> [Required action]:
Each line in the data holding "sale" should be listed.

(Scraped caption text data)
************

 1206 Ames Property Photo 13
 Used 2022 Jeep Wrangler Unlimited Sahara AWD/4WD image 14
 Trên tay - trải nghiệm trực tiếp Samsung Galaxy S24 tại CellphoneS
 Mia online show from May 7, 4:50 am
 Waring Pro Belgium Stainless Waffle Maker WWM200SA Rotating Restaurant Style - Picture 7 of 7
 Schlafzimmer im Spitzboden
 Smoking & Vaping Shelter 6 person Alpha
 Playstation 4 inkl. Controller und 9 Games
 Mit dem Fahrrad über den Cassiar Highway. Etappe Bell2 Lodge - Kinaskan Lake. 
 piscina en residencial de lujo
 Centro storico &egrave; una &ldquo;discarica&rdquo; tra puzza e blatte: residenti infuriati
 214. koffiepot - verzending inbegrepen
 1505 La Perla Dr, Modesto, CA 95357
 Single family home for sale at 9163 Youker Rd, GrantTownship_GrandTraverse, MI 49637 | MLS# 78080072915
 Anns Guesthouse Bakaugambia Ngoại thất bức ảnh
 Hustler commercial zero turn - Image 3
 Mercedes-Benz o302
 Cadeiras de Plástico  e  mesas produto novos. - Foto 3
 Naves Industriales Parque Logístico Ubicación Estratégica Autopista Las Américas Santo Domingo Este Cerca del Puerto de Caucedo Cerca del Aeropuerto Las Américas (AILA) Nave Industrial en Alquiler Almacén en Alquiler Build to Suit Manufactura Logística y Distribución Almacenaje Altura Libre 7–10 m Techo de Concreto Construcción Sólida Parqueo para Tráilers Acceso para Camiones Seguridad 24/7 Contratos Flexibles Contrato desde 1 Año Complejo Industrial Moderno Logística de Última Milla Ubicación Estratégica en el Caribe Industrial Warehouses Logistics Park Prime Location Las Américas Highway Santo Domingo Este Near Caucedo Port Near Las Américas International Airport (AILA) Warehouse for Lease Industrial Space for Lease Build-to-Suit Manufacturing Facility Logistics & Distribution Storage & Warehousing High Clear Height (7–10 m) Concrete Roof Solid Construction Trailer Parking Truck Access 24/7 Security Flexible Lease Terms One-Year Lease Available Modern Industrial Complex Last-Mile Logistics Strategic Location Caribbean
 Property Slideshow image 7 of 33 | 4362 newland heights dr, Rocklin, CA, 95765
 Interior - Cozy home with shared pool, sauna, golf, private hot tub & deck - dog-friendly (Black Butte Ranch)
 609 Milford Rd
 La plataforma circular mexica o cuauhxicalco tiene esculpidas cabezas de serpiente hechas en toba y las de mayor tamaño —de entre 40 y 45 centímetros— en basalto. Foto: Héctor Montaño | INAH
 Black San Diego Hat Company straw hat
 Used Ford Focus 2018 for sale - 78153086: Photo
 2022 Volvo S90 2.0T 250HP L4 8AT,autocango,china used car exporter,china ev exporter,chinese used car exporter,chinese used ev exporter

************

> [Reply to the task]:
 Single family home for sale at 9163 Youker Rd, GrantTownship_GrandTraverse, MI 49637 | MLS# 78080072915
 Used Ford Focus 2018 for sale - 78153086: Photo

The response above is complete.